A união de casais que acumulam anos e anos de amor e companhia

Casais se planejam para a vida a dois, investem na superação dos conflitos diários da relação familiar e mostram que casamento pode ser, sim, até que a morte os separe. Segredo está em se reinventar e apostar na cumplicidade

Marília Padovan - Especial para o Correio
postado em 05/11/2017 08:00 / atualizado em 14/10/2020 12:34
Em tempos de amores líquidos, torna-se cada vez mais difícil manter um relacionamento saudável e feliz. Em 2015, uma pesquisa realizada pelo Instituto Brasileiro de Geografia e Estatística (IBGE) revelou que o número de divórcios no Brasil cresceu 160%, em 10 anos. O número passou de 130,5 mil, em 2004, para 341,1 mil, em 2014. Mesmo vivendo em uma época em que parece que o amor saiu de moda, existem casais que mostram ser possível superar as diferenças e lutar para que o relacionamento amoroso continue sendo uma fonte segura de felicidade a dois.

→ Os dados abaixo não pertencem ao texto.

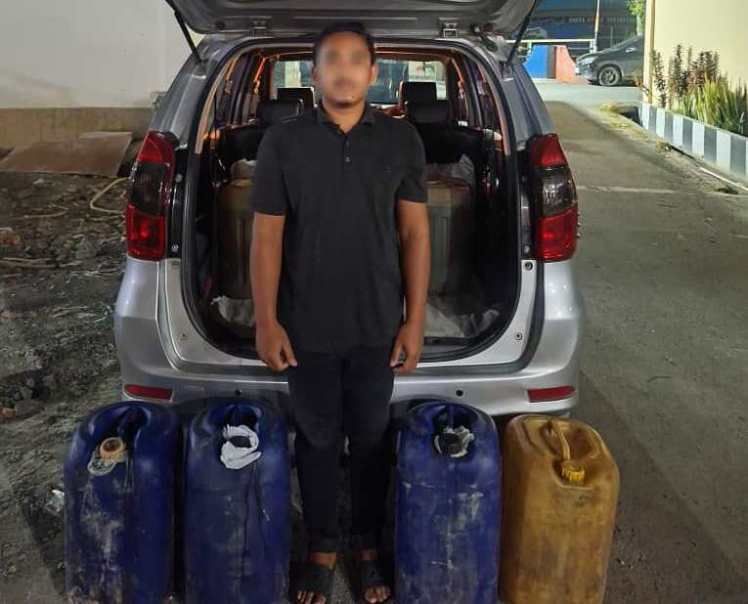 Polres Aceh Barat Bongkar Modus Mobil Modif Isi BBM Subsidi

Casados há 43 anos, mas juntos há 46, Afrânio de Sousa, 74, atende a esposa, Marisa de Sousa, 67, pelo apelido de “loirinho”. Eles se conheceram em uma festa de carnaval e, a partir da primeira troca de olhares, a história dos dois aconteceu como em um clássico filme romântico. Começaram a conversar, sair e namorar, até formar uma família de que ambos se orgulham extremamente. São três filhos, duas netas e muito amor envolvido.

Os dois se dividiam entre os cuidados com os filhos pequenos e não perdiam tempo quando o assunto era estar em família. “A casa sempre estava cheia e fazíamos questão de viajar muito com todos juntos”, comenta Marisa. Mas, há 10 anos, o filho mais novo saiu de casa e deixou o ninho completamente vazio. Marisa e Afrânio precisaram reaprender a viver em casal, mas dessa vez, sem os filhos.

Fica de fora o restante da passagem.